Among those who struggled was Gilbert T. Gembacz, a Los Angeles immigration judge who retired in June, after nearly a decade on the bench.
"On average, everyone handles in excess of 1,000-plus cases at any given time," Gembacz said.
"We are playing calendar roulette," Gembacz said. "We may schedule five to eight cases in the morning and another five to eight cases in the afternoon. Usually, only two of those cases are ready to go, but the question is what happens if they all move forward?"
The crisis has pushed many judges to the edge, adopting time-saving measures rarely seen in other courtrooms.

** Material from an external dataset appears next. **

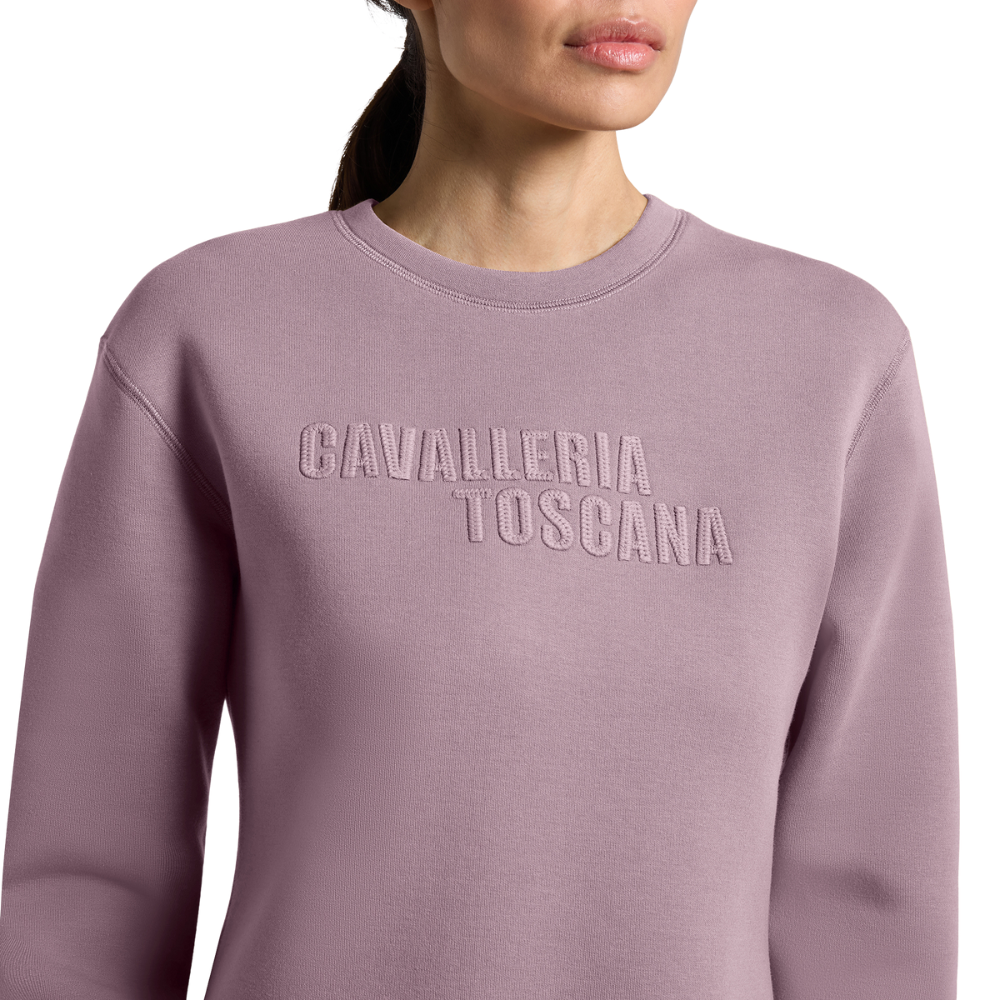 Cavalleria Toscana Cotton Crew Neck Pullover, Herbst/Winter 2025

At the Lancaster immigration court, housed inside the Mira Loma Detention Center, Judge William J. Nickerson Jr. begins most days facing a group of immigrants clad in blue uniforms. Most of the men can't afford an attorney. Unlike criminal defendants, immigration detainees are not assigned public defenders because the proceedings are considered civil.
Nickerson begins by conducting an en masse rights advisory presentation to the dozen men sitting before him. A translator simultaneously speaks in Spanish, often drowning out the judge's words.
The presentation is intended to inform immigrants of the basic rules, including the evidentiary rules of the court and their right of appeal.
At times, some of the dozen immigrants lean forward, straining to hear Nickerson and the translator, whose words are nearly inaudible. Some of the men raise their hand and ask questions, while others appear confused.
Nickerson is one of two judges at the Lancaster court. More than 8,500 cases were filed before them in 2007.
The Lancaster court's caseload is expected to increase this year as the number of detainees increases from 800 to 1,400, as part of a planned expansion at the facility.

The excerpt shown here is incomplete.